─── Data section ───

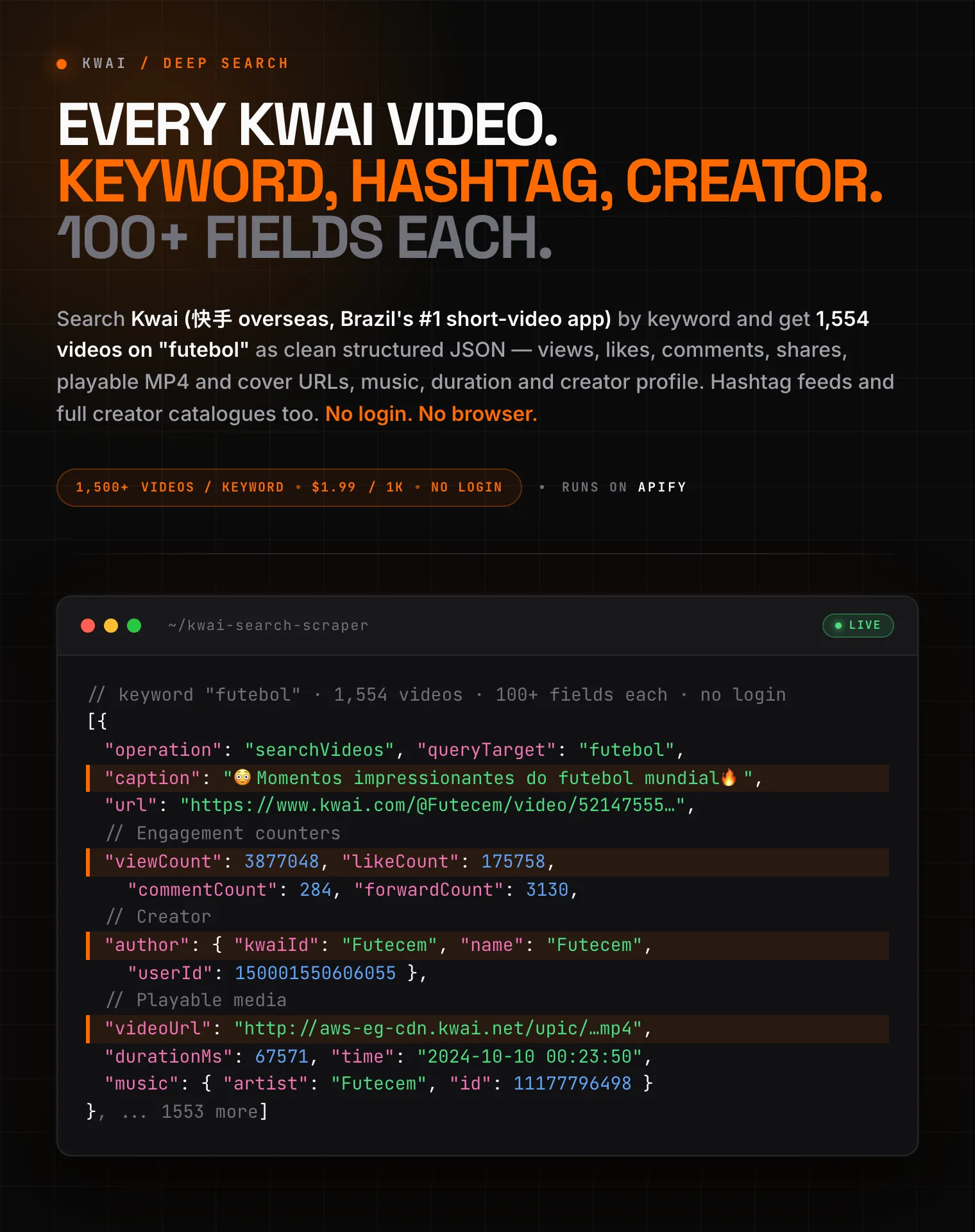 Kwai (Kuaishou) video scraper: search Kwai by keyword, hashtag and creator for views, likes, comments, shares, playable MP4 and cover URLs, music and creator profile as structured JSON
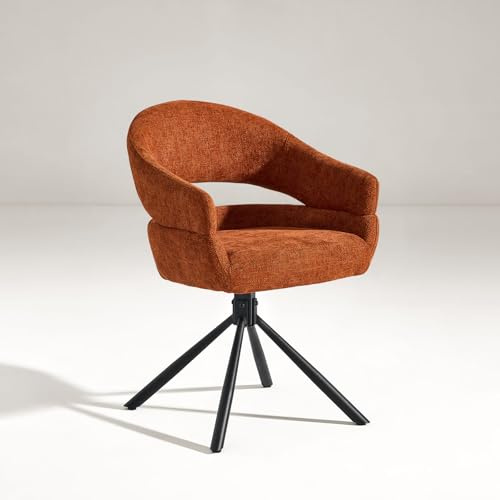 CLIPOP 1er Set Esszimmerstuhl Drehbar mit Armlehne, Drehbar 360°, Küchenstuhl, Moderner Polsterstuhl mit Stoffrückenlehne für Küche, Esszimmer, Schlafzimmer (Orange)
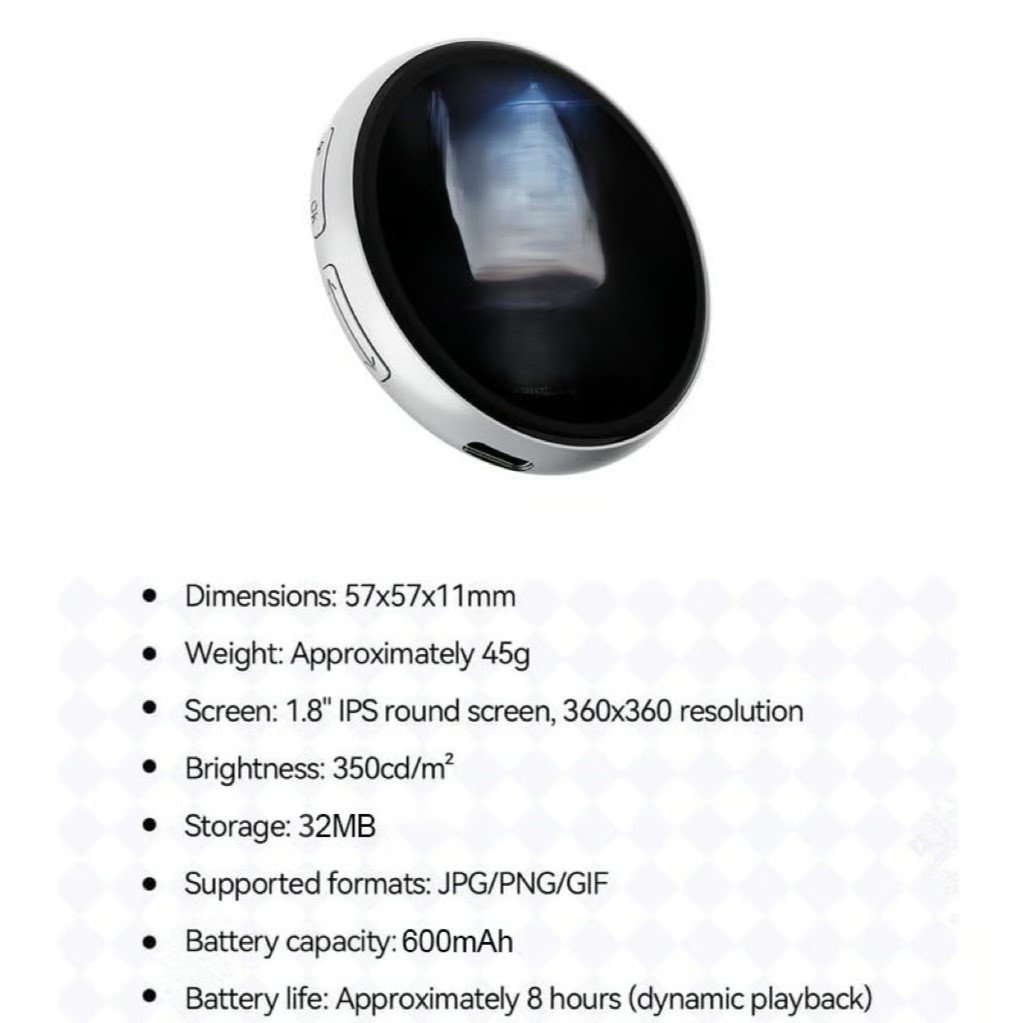Digital Badge Photo Video GIF Display Screen Pins Pixel Touchscreen Lightweight 500mAh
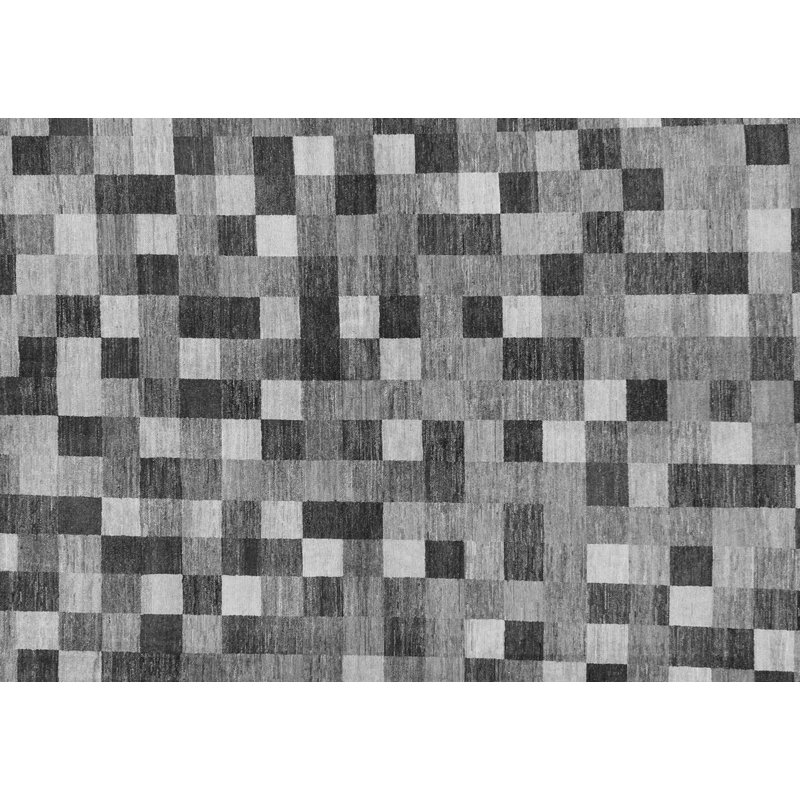 Tapis en laine / polyester tissé à la machine Mahadi gris / noir / crème, Rectangle 2 pi x 3 pi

───

→ Your instructions: No pictures go in the copy. Set down all the data exactly.

→ Your response:
 Kwai (Kuaishou) video scraper: search Kwai by keyword, hashtag and creator for views, likes, comments, shares, playable MP4 and cover URLs, music and creator profile as structured JSON
 CLIPOP 1er Set Esszimmerstuhl Drehbar mit Armlehne, Drehbar 360°, Küchenstuhl, Moderner Polsterstuhl mit Stoffrückenlehne für Küche, Esszimmer, Schlafzimmer (Orange)
Digital Badge Photo Video GIF Display Screen Pins Pixel Touchscreen Lightweight 500mAh
 Tapis en laine / polyester tissé à la machine Mahadi gris / noir / crème, Rectangle 2 pi x 3 pi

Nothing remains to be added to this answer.